Driving political change

The Panel has devoted much time to building a political consensus across the continent. This is particularly important in respect of recommendations which require national and regional action – so that, for example, significant diplomacy with Mauritius has proceeded statements such as this:

We found that several African countries desired to become financial services centres, and, though we understand the reasoning, we feel strongly that African countries should not in the process become financial secrecy jurisdictions sucking resources from the rest of the continent.

If a slower pace of progress has been the price paid for the strong support that saw the report immediately adopted by the AU heads of state, it was a useful trade-off. The 15 findings (below) in chapter 4 and the specific recommendations in chapter 5 which follow them include a welcome focus on African steps – welcome because the problem of IFF cannot be solved by international action alone (e.g. important issues such as the transparency and evaluation of tax incentives provided for multinationals are overlooked in international discussions), and because of the legitimacy that this ensures for the demands that are then made for international action.

Overall, the recommendations provide a comprehensive basis for progress, closely derived from the analysis.

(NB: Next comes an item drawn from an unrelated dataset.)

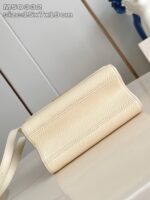 Borsa beige in pelle elegante, perfetta per ogni occasione, con design minimalista e raffinato.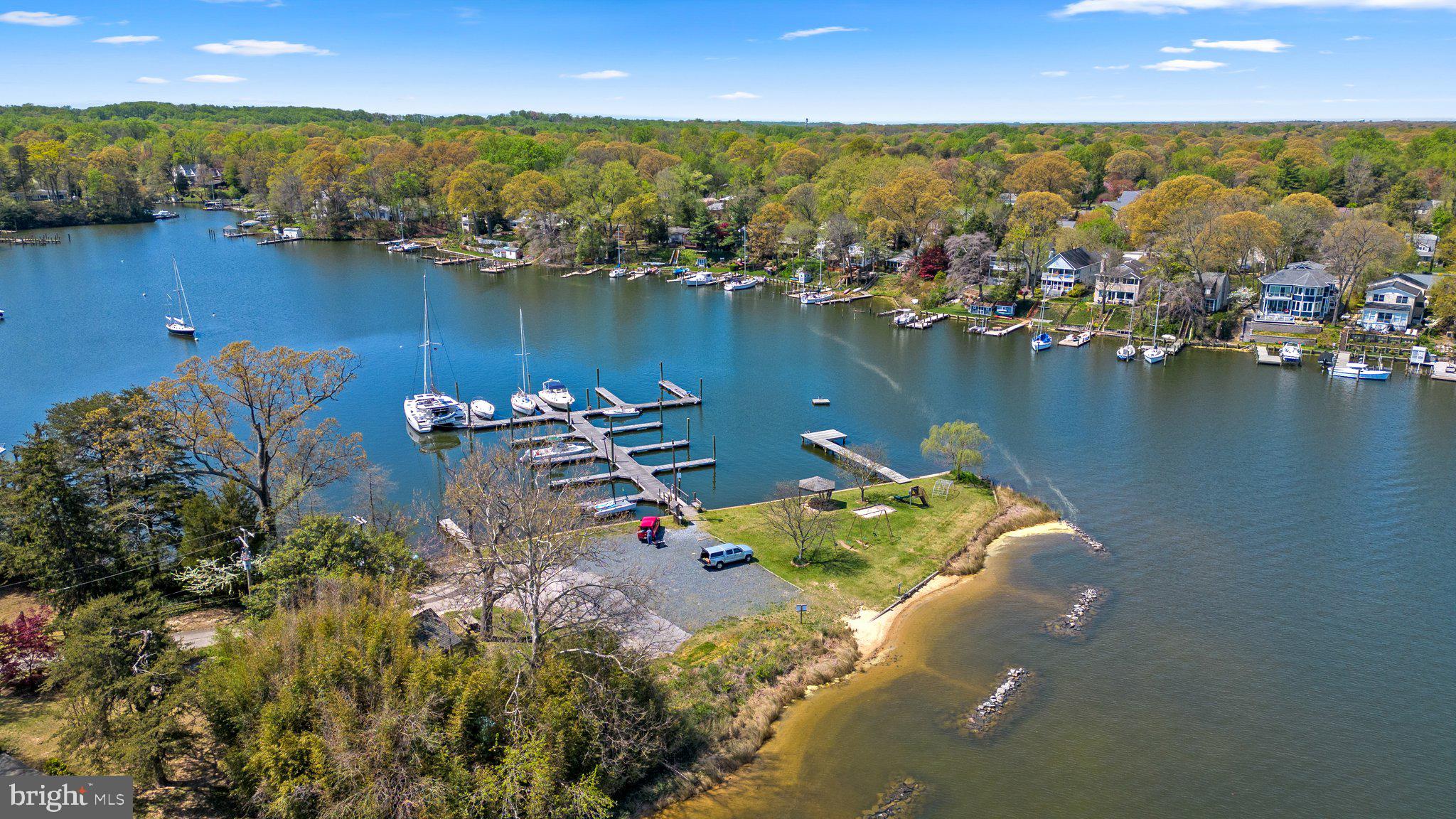 866 TWIN HARBOR DRIVE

The final section of recommendations is labelled “E. Further responsibilities of Africa’s partners”, and includes a powerful combination of more and less familiar ideas. Among the more obvious are for the publication – not just the collection – of both the country-by-country reporting of multinational companies, and the beneficial ownership of companies, trusts and other legal entities.

Interestingly, the first recommendation in this section is a less familiar one:

The Panel recommends that the Bank for International Settlements publish the data it holds on international banking assets by country of origin and destination in a matrix format, along the lines of the data published by the IMF for bilateral trade; foreign direct investment and portfolio investment, so that it can inform the analysis of IFFs from Africa.

It is increasingly anachronistic for a major international regulatory body to collect, but then to obscure, such important bilateral information. We look forward to the response of the BIS.

 

An African voice

The Mbeki panel has delivered a broad report, adding substantial value in its analysis of African IFF and setting out a powerful policy agenda. Notwithstanding contributions from international civil society and researchers including our own, the process and the outcome represent the first, comprehensive African policymakers’ response to illicit financial flows.

While the last two years have seen major progress in G8 and G20 meetings, this African Union position provides a loud voice to a region that has been largely excluded from those processes. Unsurprisingly, while the issues overlap, the priorities are not identical.

We look forward to concerted diplomatic pressure for further and more inclusive international policy progress in areas such as public beneficial ownership registers and fully multilateral automatic exchange of tax information.